Onus on Church to report abuse charges: RCMP

The removal of a P.E.I. priest over allegations of abuse have raised police concerns about not being informed by Catholic Church authorities, and triggered questions about the Church investigating serious charges on its own.

"We have not been contacted in any way shape or form by Church officials or anyone to make a complaint about the allegations against (this priest)," said RCMP Sgt. Jacques Morneau of the Deer Lake, N.L., detachment. "All we know is what we’re hearing from the media. But if this was serious enough to suspend him we would expect to be contacted."

Rev. George Smith, a parish priest in P.E.I., was removed from his duties after Richard Grecco, the Bishop of the Diocese of Charlottetown, received a call from the Diocese of Corner Brook and Labrador on May 14 about abuse allegations that allegedly occurred while Smith served in Deer Lake between 1986 and 1991.

Grecco told the CBC this week that he did not inquire into the nature of the allegations but followed the diocese’s protocol and removed the priest from his work immediately. He did not know whether police were involved.

"Within 24 hours I had written a letter to Father George telling him about this," Bishop Grecco told the CBC. "That Sunday afternoon that letter was delivered to him. The allegation obviously is from many years ago. The allegation originates in and pertains to the Diocese of Corner Brook and Labrador, not to the Diocese of Charlottetown."

Morneau wondered what the Church will do with the allegations if they do not come to the police. The RCMP would only launch an investigation once a complaint is received, he added.

"I don’t think the Church is equipped to deal with these situations," Morneau said. "The onus is on them to report these things. If it’s illegal and immoral, they have to report this."
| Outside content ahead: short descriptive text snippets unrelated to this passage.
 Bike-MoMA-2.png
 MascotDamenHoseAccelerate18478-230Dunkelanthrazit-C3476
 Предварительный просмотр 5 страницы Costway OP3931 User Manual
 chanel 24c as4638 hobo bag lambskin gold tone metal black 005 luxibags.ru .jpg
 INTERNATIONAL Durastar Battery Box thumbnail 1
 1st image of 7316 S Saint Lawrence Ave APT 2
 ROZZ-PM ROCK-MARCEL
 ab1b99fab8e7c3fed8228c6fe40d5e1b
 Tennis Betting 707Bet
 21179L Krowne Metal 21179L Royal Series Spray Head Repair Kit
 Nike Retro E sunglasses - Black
He said abuse allegations should not be considered internal business, adding that the Church would not have the investigative experience to carry out a thorough investigation.
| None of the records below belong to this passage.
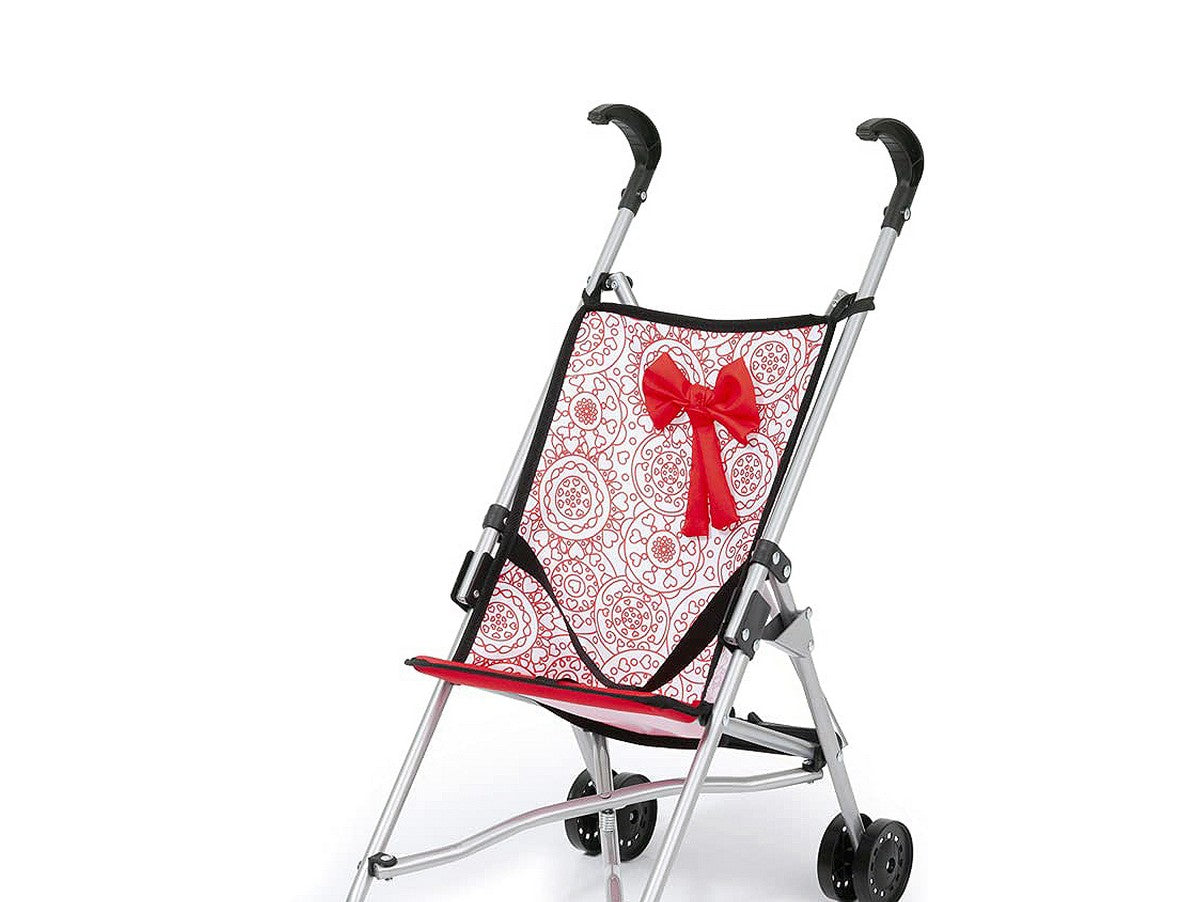 V13HDFAD09864DEF12B7A963B4C0E3DEEC6BR7065385P1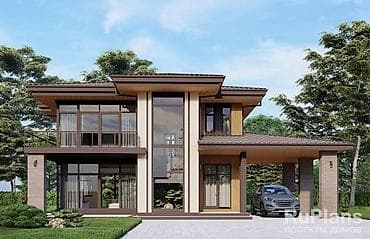 Ремонт техники: Tikinti ve Tə'mir xidmetleri — 4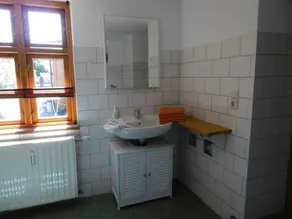 Appartamento Rügen 220 - appartamento - Image 3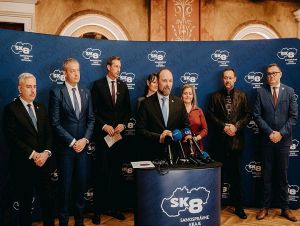 Po primátorovi Trnavy Bročkovi kritizujú zmeny vo Fonde na podporu športu aj župani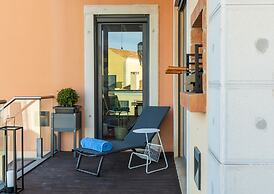 VALE DO LOBO Luxury Algarve B by UNA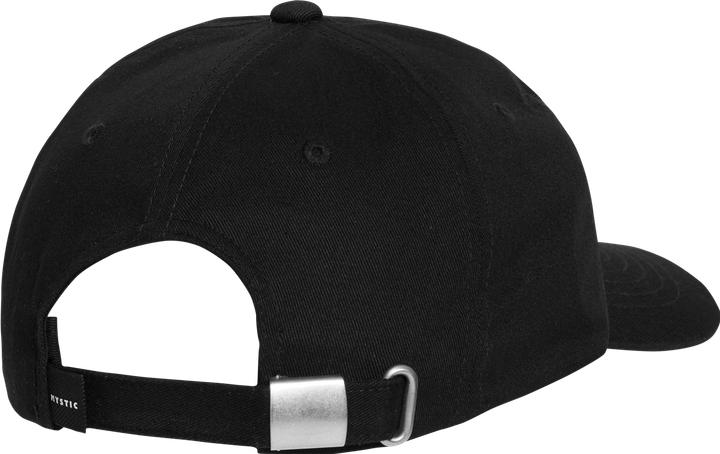 Actual product image Mystic Dad Cap (One size)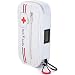 Algopix Similar Product 6 - Insulated Premium Medical Case  Great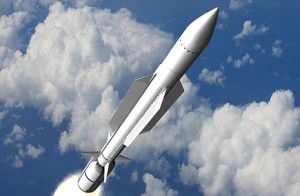 More SM-6 for USN
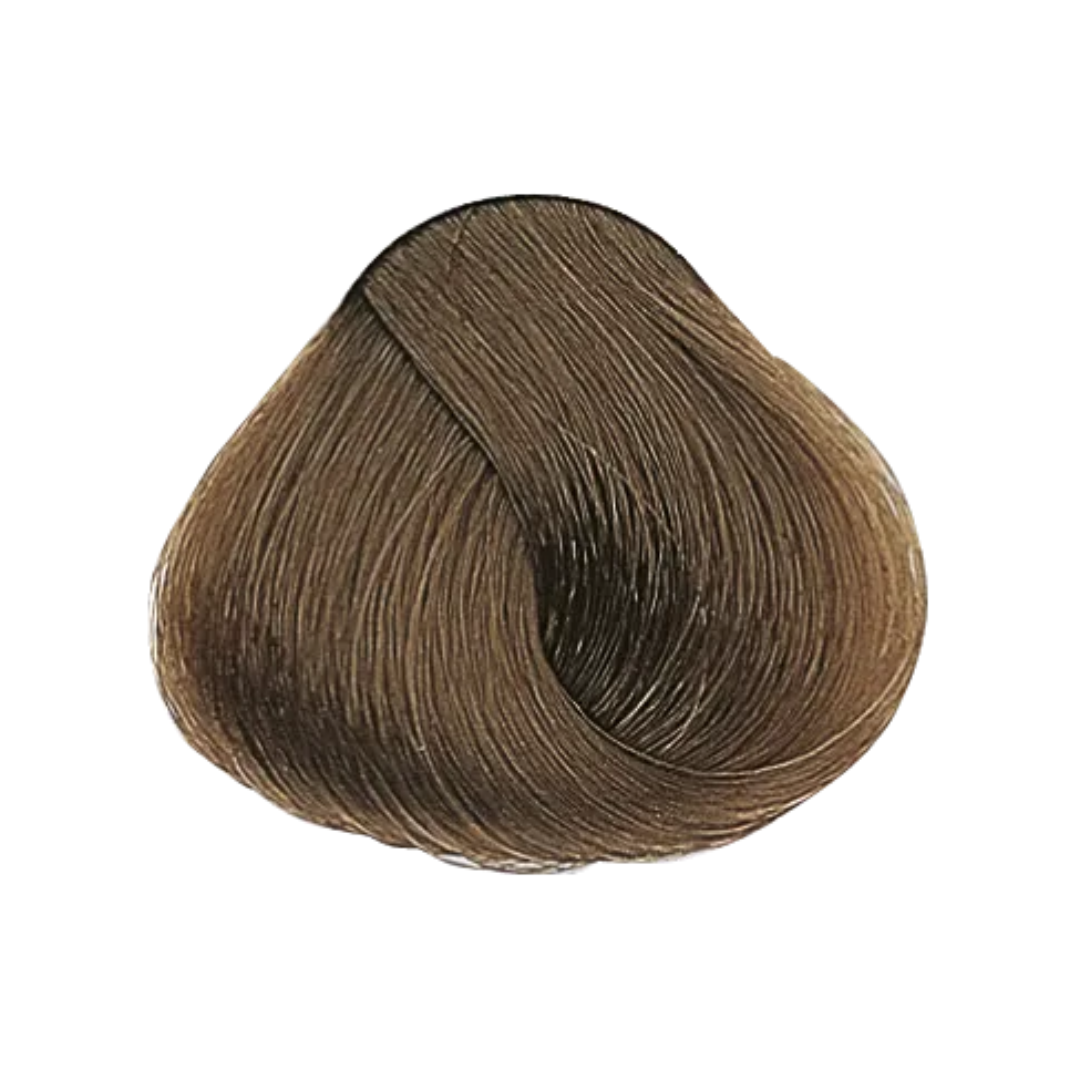 ALFAPARF YELLOW COLOR 7.31 100ML Sicula Cosmetics SRL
"We are all bound by the Criminal Code – and if someone came forward and made an allegation, and they’re aware of the (potential) criminal offence, they should report it.

"They should involve us just to clarify things," Morneau added. "The uncertainty causes more panic. And it’s even unfair to the priest."
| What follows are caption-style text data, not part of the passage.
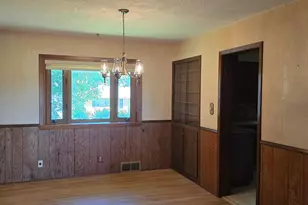 1713 S Shore Dr, Albert Lea, MN 56007 - Photo 4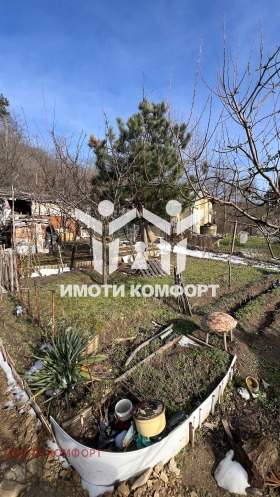 ������� ���� | Imot.bg � ����� ������ 13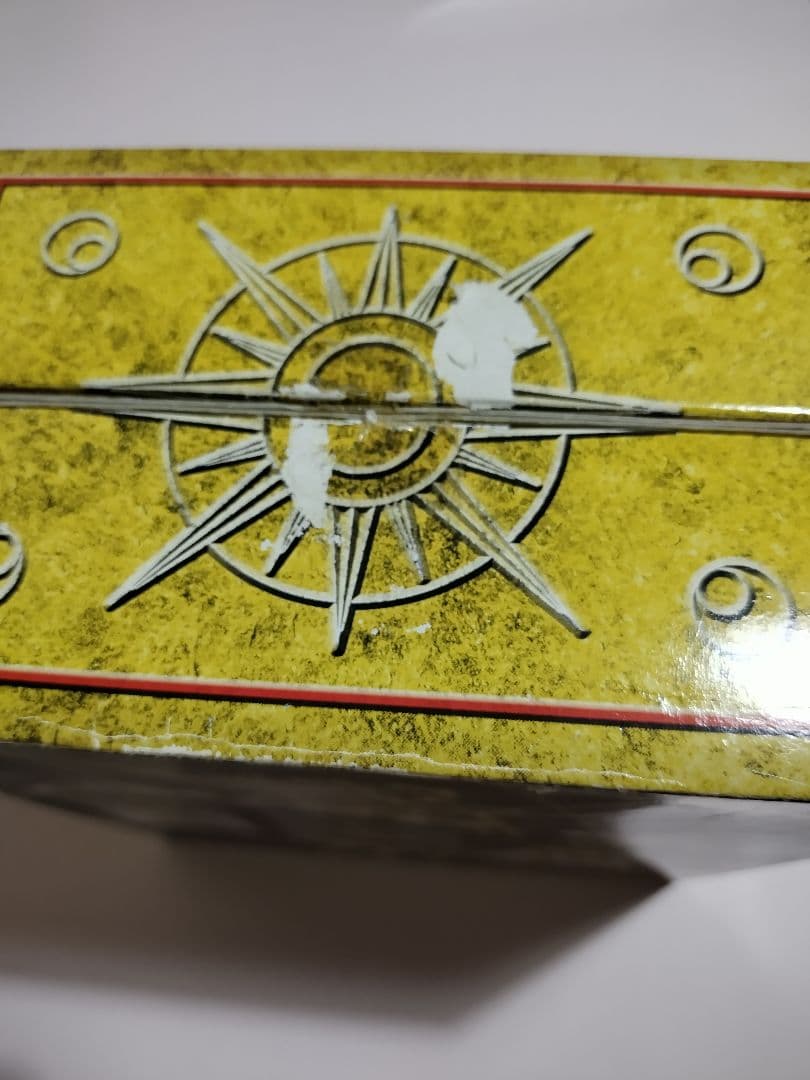 聖闘士星矢　聖闘士聖衣神話　ゴールドクロス　4点　シャカ　デスマスク　童虎　他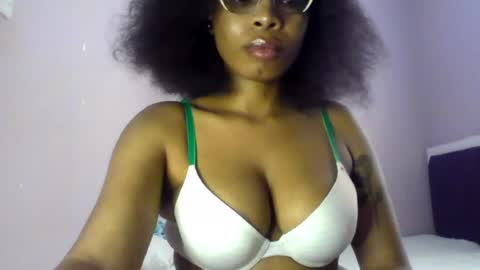 Lola Coco online show from July 21, 11:23 am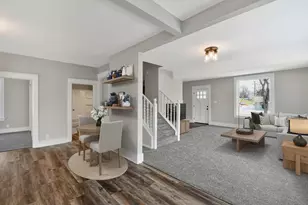 213 2nd St S, Wahpeton,  58075 - Photo 6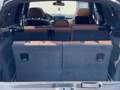 BMW X5 xDrive 40 d , TV, Night Vision, Bang Olufsen Voll Silber - thumbnail 12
Calls to the Diocese of Corner Brook and Labrador were not immediately returned.

Church officials in P.E.I. were not available for comment. Other dioceses – including St. John’s, Edmonton and Toronto, for example – will immediately inform children’s aid authorities or police within an hour of an allegation of abuse against a child. But adult complainants bringing up allegations of abuse from the past must go to the police on their own.

Neil MacCarthy, director of communications for the Archdiocese of Toronto, said the Church will still do its own investigation even if the police are not involved, but said all complainants are urged to go to the police. A spokesman for the Archdiocese of Vancouver said any allegation against a child, whether current or historical, is referred immediately to outside authorities.

"If the allegations relate to abuse of a child we report them to the ministry and the police – this is true whether the allegations are made when the victim is a child or later when the victim is an adult. It is only in cases where the abuse occurs between two adults that we have no legal obligation to report."